Following the pituitary gland’s secretion of HGH in the bloodstream, the hormone journeys through the body until it reaches the liver, where it signals for the release of a closely related pro-growth hormone, insulin-like growth factor-1 (IGF-1).
Together, IGF-1 and HGH perform several critical functions, many of which pertain directly to physical and athletic performance:
- Regulation of muscle mass
- Nutrient metabolism
- Protein synthesis
- Reducing visceral fat (“belly fat”) accumulation
- WordPreventing atherosclerosis (the buildup of plaque in the blood vessels that can lead to cardiovascular disease)
- Improving cardiovascular function
How Healthy HGH Levels Support the Benefits of Exercise
Through the hormone’s impact on metabolism (energy-burning), higher HGH levels, in turn, help facilitate higher rates of caloric burning during exercise to achieve greater weight-loss results in overweight or obese individuals.
In combination, HGH and its partner hormone discussed above (IGF-1) boost metabolism significantly as demonstrated in clinical research:
“Growth hormone (GH) stimulates the production of insulin-like growth factor 1 in most tissues, and together GH and insulin-like growth factor 1 exert powerful collective actions on fat, protein and glucose metabolism.”
Clinical trials assessing the effects of GH treatment in patients with obesity have shown consistent reductions in total adipose tissue mass, in particular abdominal and visceral adipose tissue depots.
HGH deficiency, therefore, is one possible explanation for why older and aging adults often fail to reach a healthy weight, even with diet and lifestyle interventions such as increased physical activity.
In this way, HGH deficiency and obesity can exert a spiral effect: lower HGH levels make exercise less effective in terms of achieving greater fitness, while less exercise reduces the production of HGH.
In cases such as these, a combination of a regular exercise regimen and, possibly, hormone replacement therapy (HRT) with recombinant HGH (somatropin) may be advised to achieve the healthcare goals of the patient.
How to Stay Motivated For Movement After 40
Whether you are 6 or 60 years old, one of the hardest parts of initiating and committing to a routine is motivation – that initial drive to “get up and go.”
Here are a few ways that you, as an older adult, can commit yourself to a health-boosting exercise regimen and stick to it:
- Set specific goals in writing.
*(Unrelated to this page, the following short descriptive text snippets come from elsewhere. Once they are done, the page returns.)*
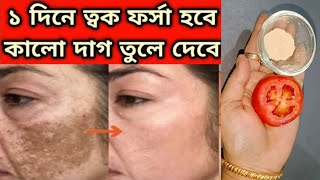 ফর্সা হবার সহজ উপায়েforsa howar sohoj upaytomato facialGlow Facial [upl. by Nodal570]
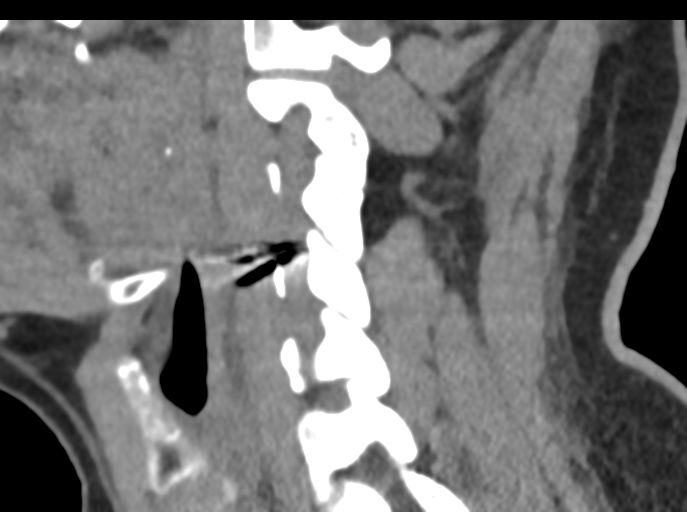 File:Cervical disc replacement (Radiopaedia 44025-47541 B 39).png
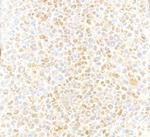 VCP Antibody in Immunohistochemistry (Paraffin) (IHC (P))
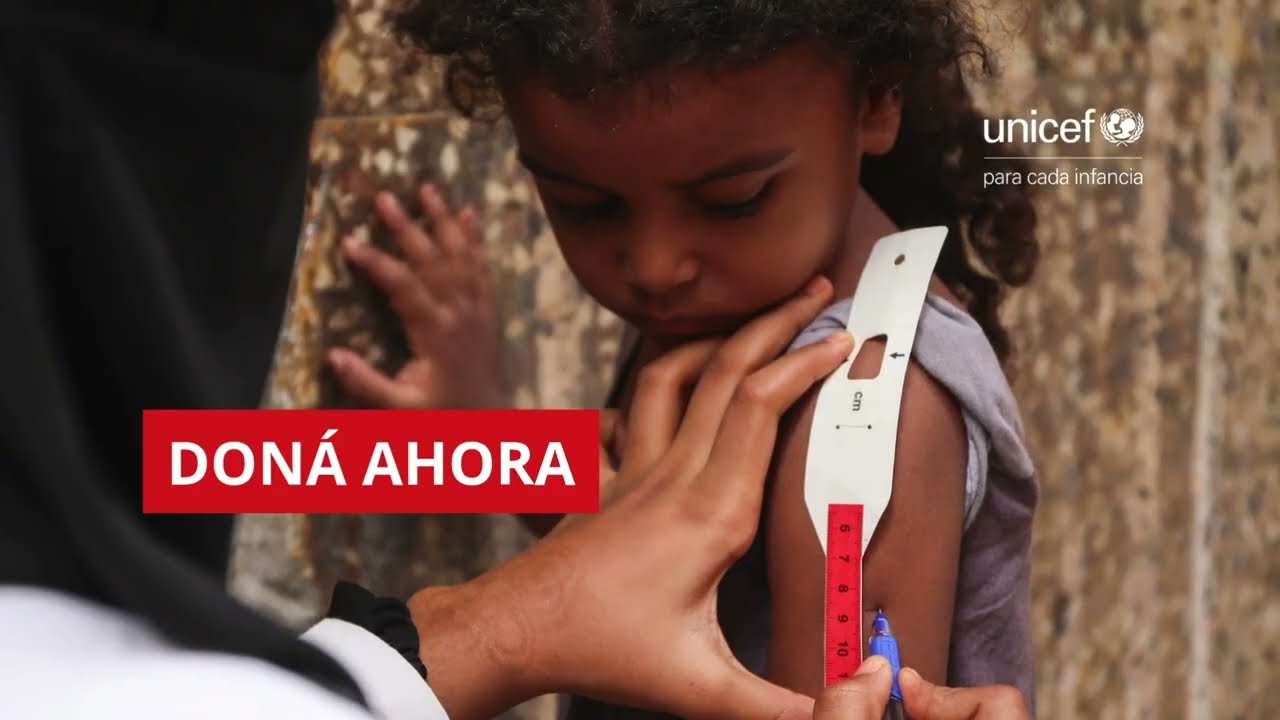 Semáforo de desnutrición aguda 3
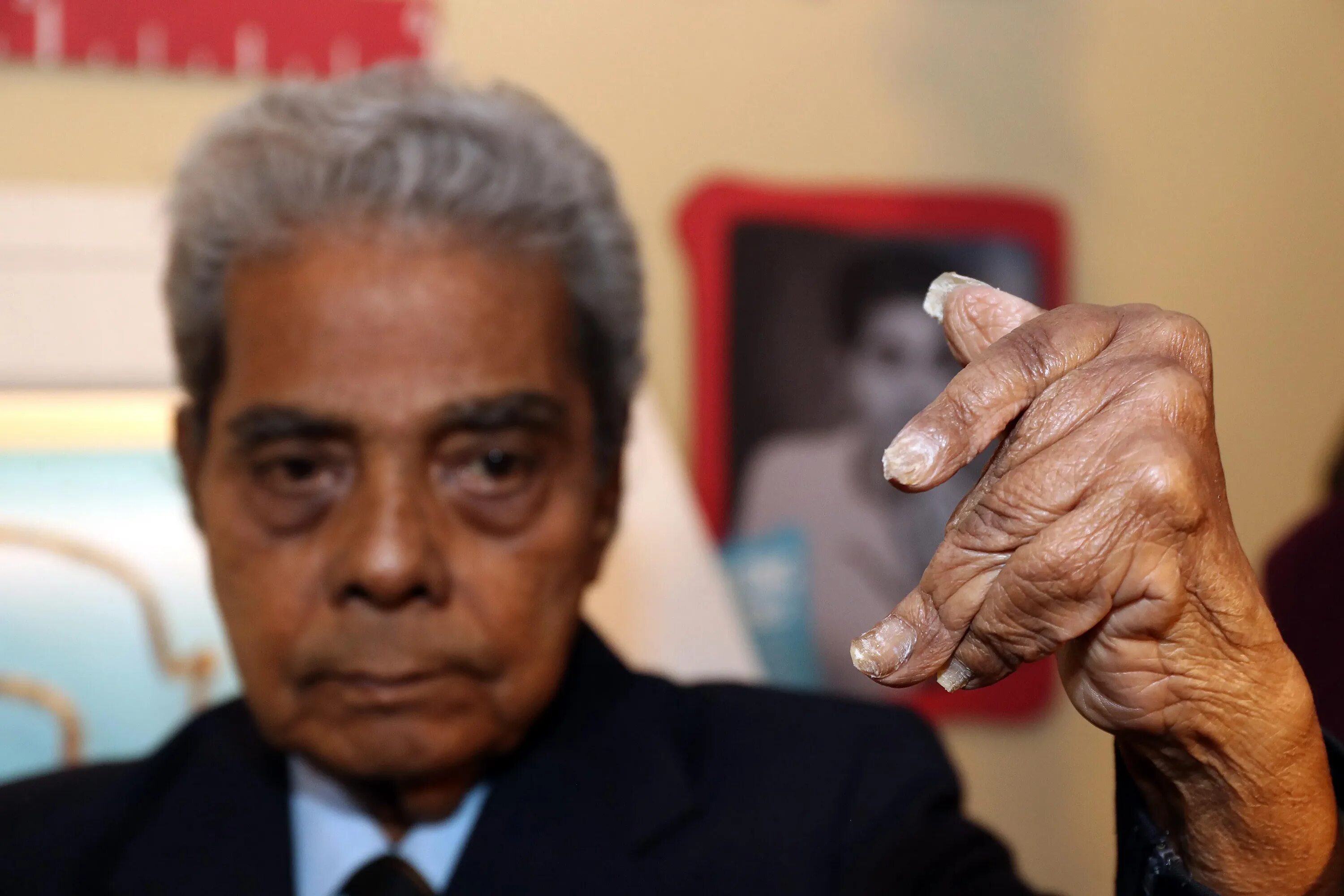 Книга рекордов ногтей. Шридхар Чиллал. Шридхар Чиллал ногти. Индиец Шридхар Чиллал. Шридхар Чиллал отпилил ногти.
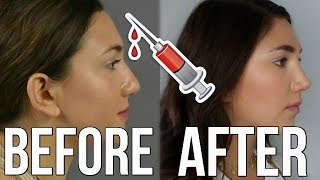 Nose Job Experience  My Rhinoplasty  Plastic Surgery Story [upl. by Mosera]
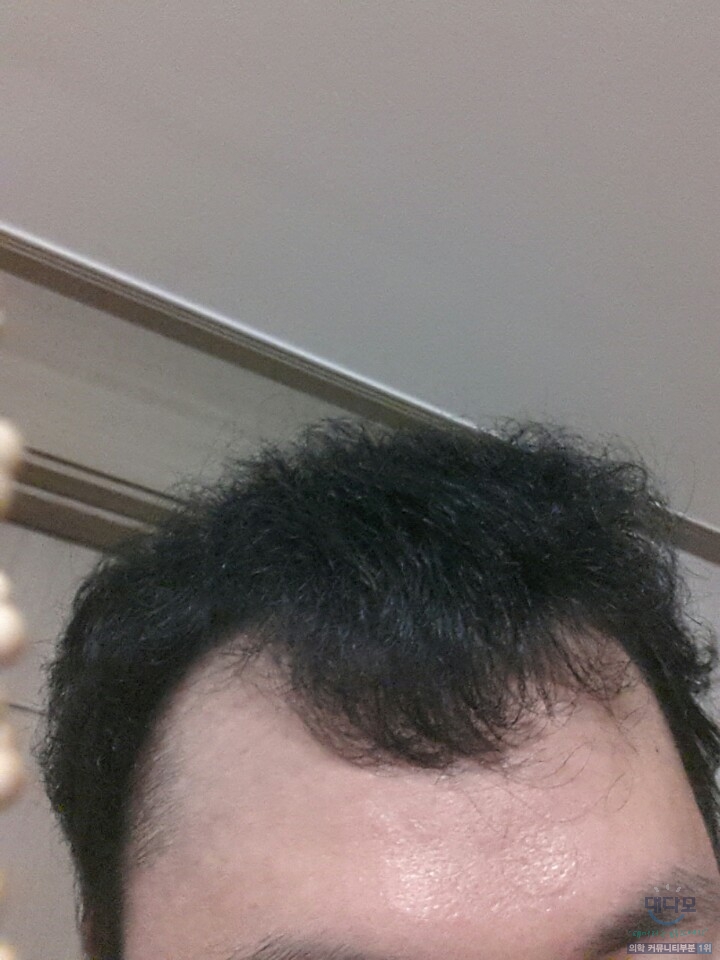 1년을 길러도 앞머리가 안자라는 예전사진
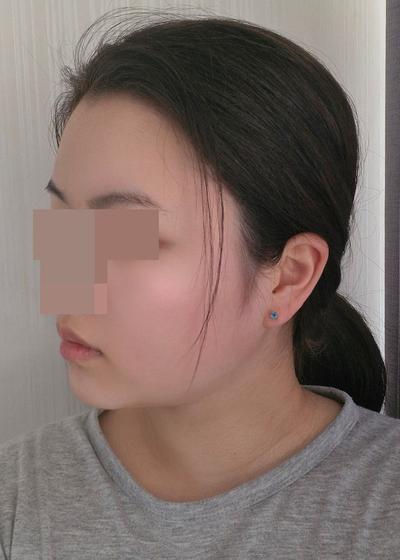 이중턱지방흡입 4주차, 멍도 없고 턱라인 갸름해졌어요 사진 5 — 아바성형외과 이중턱·윤곽 후기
Research shows that when you write down specific goals – i.e., “complete a 5K walk,” “150 weekly minutes of aerobic activity” – you are much likelier to follow through.
- Join a workout group or find a buddy. Studies show that people tend to stay committed to any task – whether exercising or a work assignment – if they have someone to hold them accountable for showing up and putting in the effort.
- Create a list of all of the benefits of exercise – improved cognition and mood, reduced risk of injury, greater physical strength, optimized hormonal balance – and keep it displayed in a prominent location like the fridge as an extra motivator on days you might not want to hit the gym.
- Keep it fun. We’ve outlined numerous (dozens) of exercises here that you can choose from – so why not pick one that’s fun and effective at the same time?